Engineering Students Dive into Water Projects: Attracted by Hands-on, Real-world Experiences

Assembly complete. Ready to deploy.
On a sunny March day, sitting outside the Link Building, home of the Department of Marine and Environmental Systems, Hunter Brown’s eyes light up when he talks about the project that will earn him his ocean engineering master’s degree. The underwater inspection and surveillance vehicle, he says, has anti-terrorism potential.

Hunter Brown reviews plans for the underwater inspection and surveillance vehicle.

Brown is like most men and women attracted to Florida Tech for ocean engineering—they have a passion for going to the beach, for surfing, scuba or both. They think it’s fun to tinker with things mechanical and challenging to conceptualize and design.

An integrated ocean engineering curriculum and hands-on, real-world opportunities draw the undergraduates. Master’s and doctoral students enroll because the university offers one of the country’s few graduate programs in the discipline. And because, like Brown, they can dive into vehicle projects that combine their most intense interests.

Brown, a scuba diver with a technical rating, has finished the software, tether and interface, as well as the design of the three-foot-long, unmanned project. Now he’s tackling the vision component.

“It will have two cameras, one on the front and one on the side,” he says. “It will ‘fly’ underwater, inspecting a pipeline, for example, with the side camera, and ‘look’ forward for obstructions.” Potentially applicable for homeland security, the vehicle could locate packages of drugs or mines attached to the undersides of vessels.

The program combines many of his interests. He’s capitalizing on a bachelor’s degree in applied mathematics, an interest in the underwater world and a summer undergraduate experience where he developed a machine vision project.

Although the vehicle may not be a finished product when Brown graduates this summer—lacking its structural housing—he will be able to demonstrate its capabilities in a Florida Tech pool. Then, another student can complete the project for graduate credit, maybe adding a robotic arm or some sensors, too.

“Many of the projects become refined and completed over the years by a series of students,” says Dr. Stephen Wood, assistant professor of ocean engineering and Brown’s faculty adviser. Wood, who is also coordinator of the Florida Tech Underwater Technologies Laboratory, sits today in this Frueauff Building lab, surrounded by projects in various states of completion.

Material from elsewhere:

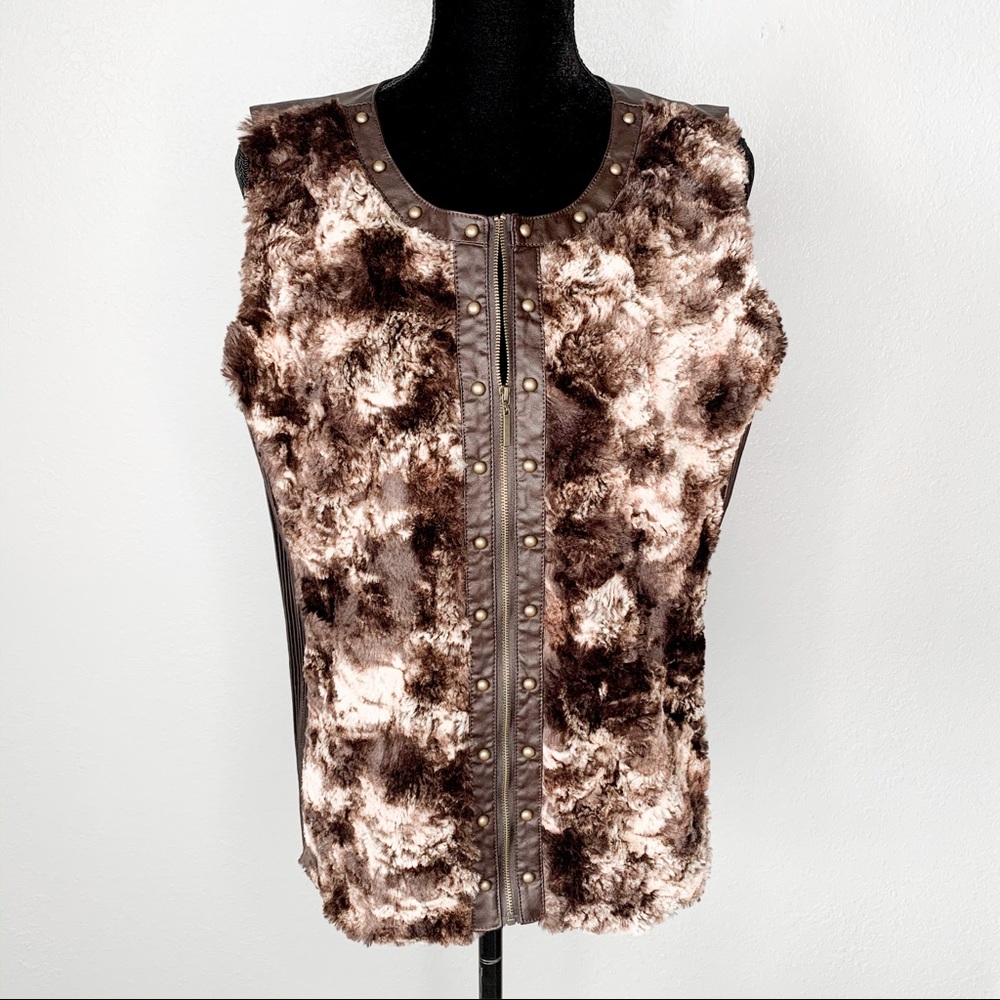 REBA Faux Fur Pleather Embellished Zippered Vest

The MARC-1 (Modular Amphibious Research Crawler) is an example of a project shaped by many hands, as students have tinkered with it for their design project over several years. All undergraduate engineering students must complete a design project in order to graduate.

“The remotely operated MARC-1 began in spring 1999. The first year they built the basics, the second year the instrumentation, motor housings and extension pole went on,” says Wood. “When the third year students grappled with it, they threw out much of what was already done and the team started over.

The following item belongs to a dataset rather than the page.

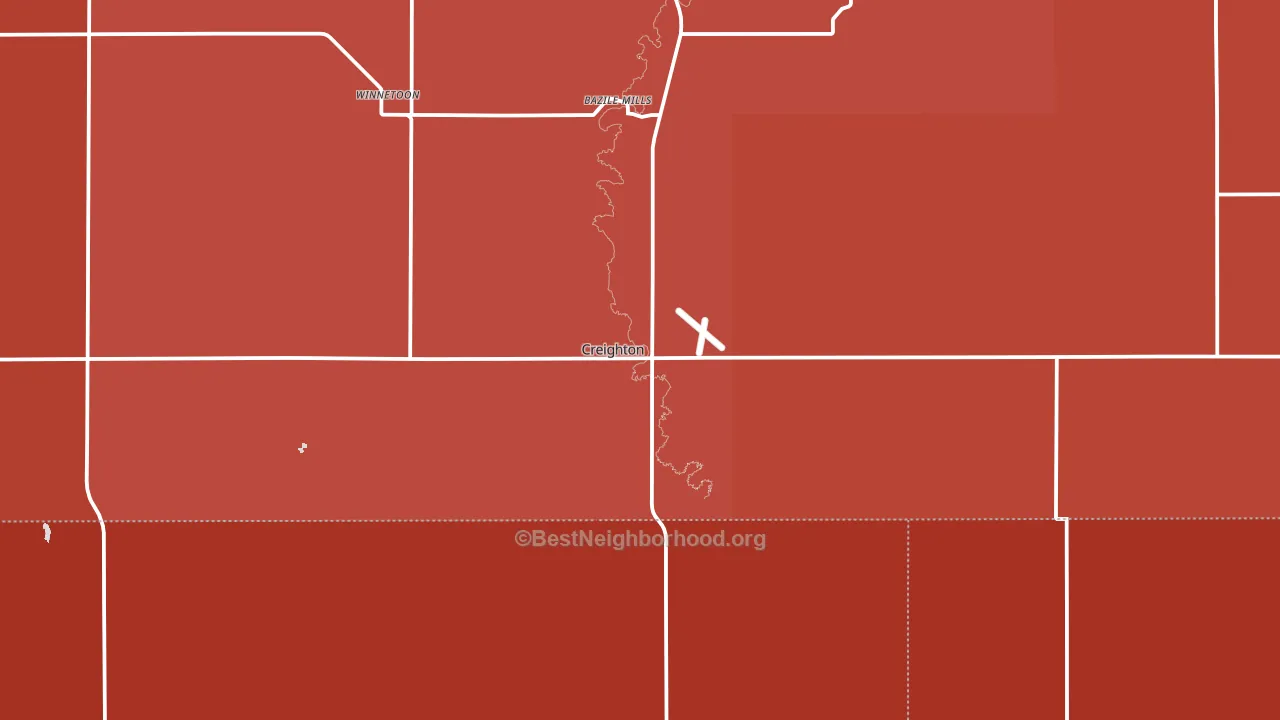 68729, NE block-group political-lean map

“It was a lot of trial and error. Sometimes failure is better than immediate success,” says Wood.

Wood published an article on the three-wheeled vehicle in the February 2006 issue of the journal, Sea Technology, and has fielded a few inquiries about its commercial use, including one from a clammer.

Designed to operate underwater in the surf zone, the vehicle can reduce or eliminate the need for divers. Today the remote-controlled MARC-1 is 95 percent finished. Wood expects to see it used in physical oceanography classes for coastal processes, beach profile surveying and for scientific data collection.

This year 15 ocean engineering undergraduate students displayed their projects in an April design showcase. One team presented an autonomous mobile buoy to monitor coastal and lagoon areas and collect data on ecosystems; another exhibited a glider AUV, which will extract biological samples from the water column and take photos; another group showed off a powered hydrofoil boat; and a team adapted a previous design team boat project into a displacement hull ship. A displacement hull carries a heavier load and travels further on less fuel.

“Every senior design project is practical. They can be used later by students and faculty in research,” says Wood.

Guiding students on these and similar projects keeps Wood plenty busy.

“It’s so gratifying to see a student go from start to finish on a project,” says Wood. “This university allows the students to tackle a variety of underwater projects. Our ocean engineering program offers underwater technologies, naval architecture, instrumentation, coastal processes, bio-fouling and corrosion. We have it all.”